• **Exercise directions**: Beginning with the line that contains "2012 Nissan Murano Right Door Mirror", restate each line below through the final one exactly, and exclude the pictures.

• **Records for this exercise**:
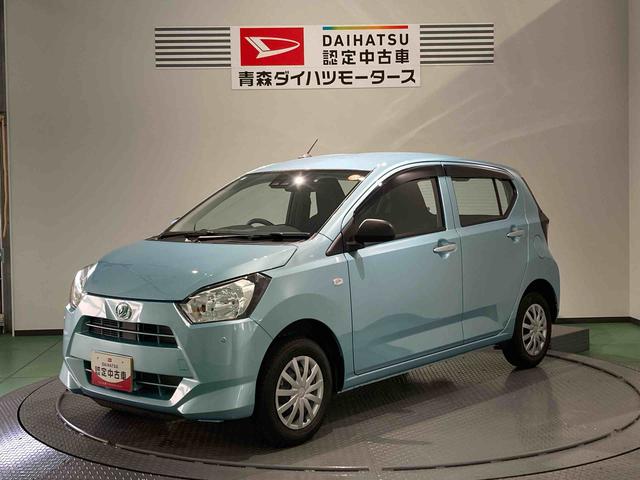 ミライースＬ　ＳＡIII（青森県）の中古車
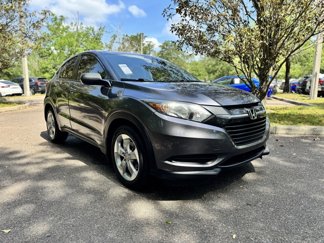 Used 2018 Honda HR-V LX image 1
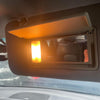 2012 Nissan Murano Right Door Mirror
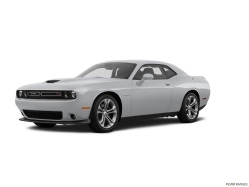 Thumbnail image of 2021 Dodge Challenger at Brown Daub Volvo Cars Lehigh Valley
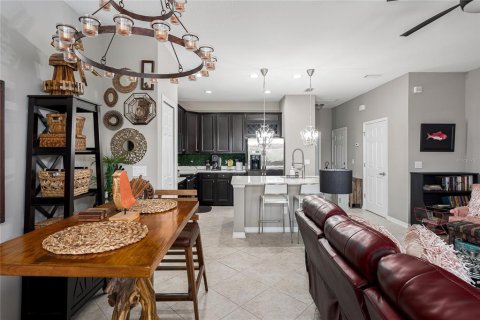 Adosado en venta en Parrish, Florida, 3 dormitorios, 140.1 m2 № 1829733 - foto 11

• **Reply to the task**:
 2012 Nissan Murano Right Door Mirror
 Thumbnail image of 2021 Dodge Challenger at Brown Daub Volvo Cars Lehigh Valley
 Adosado en venta en Parrish, Florida, 3 dormitorios, 140.1 m2 № 1829733 - foto 11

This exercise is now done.